Write out again, exactly, the lines below starting at the one with "Image 1 of Dondup straight leg chinos" and ending at the one with "Zhdeniievo 18 september".

───── Provided entries ─────

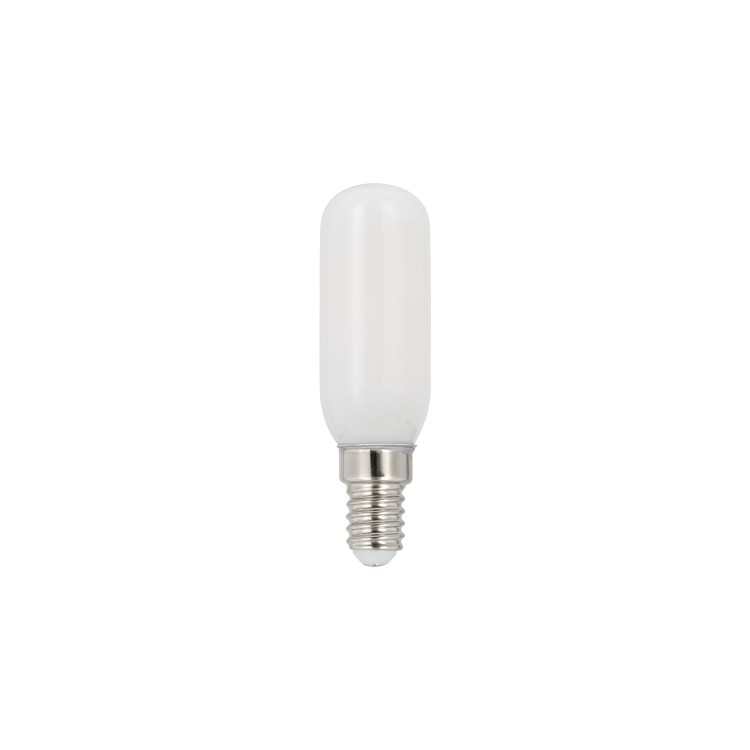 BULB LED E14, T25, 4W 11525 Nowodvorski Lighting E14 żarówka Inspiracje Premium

─────
───── Provided entries ─────

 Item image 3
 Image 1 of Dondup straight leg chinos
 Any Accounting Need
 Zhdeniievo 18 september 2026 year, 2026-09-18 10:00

─────
───── Provided entries ─────

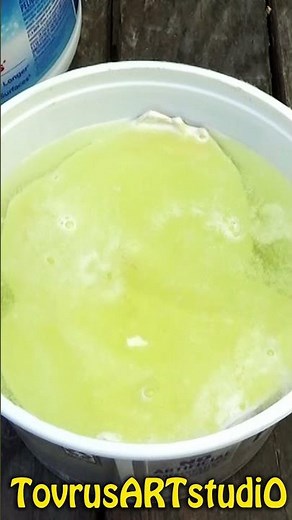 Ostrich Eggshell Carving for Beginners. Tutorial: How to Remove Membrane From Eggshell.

─────

**Task solution:**
 Image 1 of Dondup straight leg chinos
 Any Accounting Need
 Zhdeniievo 18 september 2026 year, 2026-09-18 10:00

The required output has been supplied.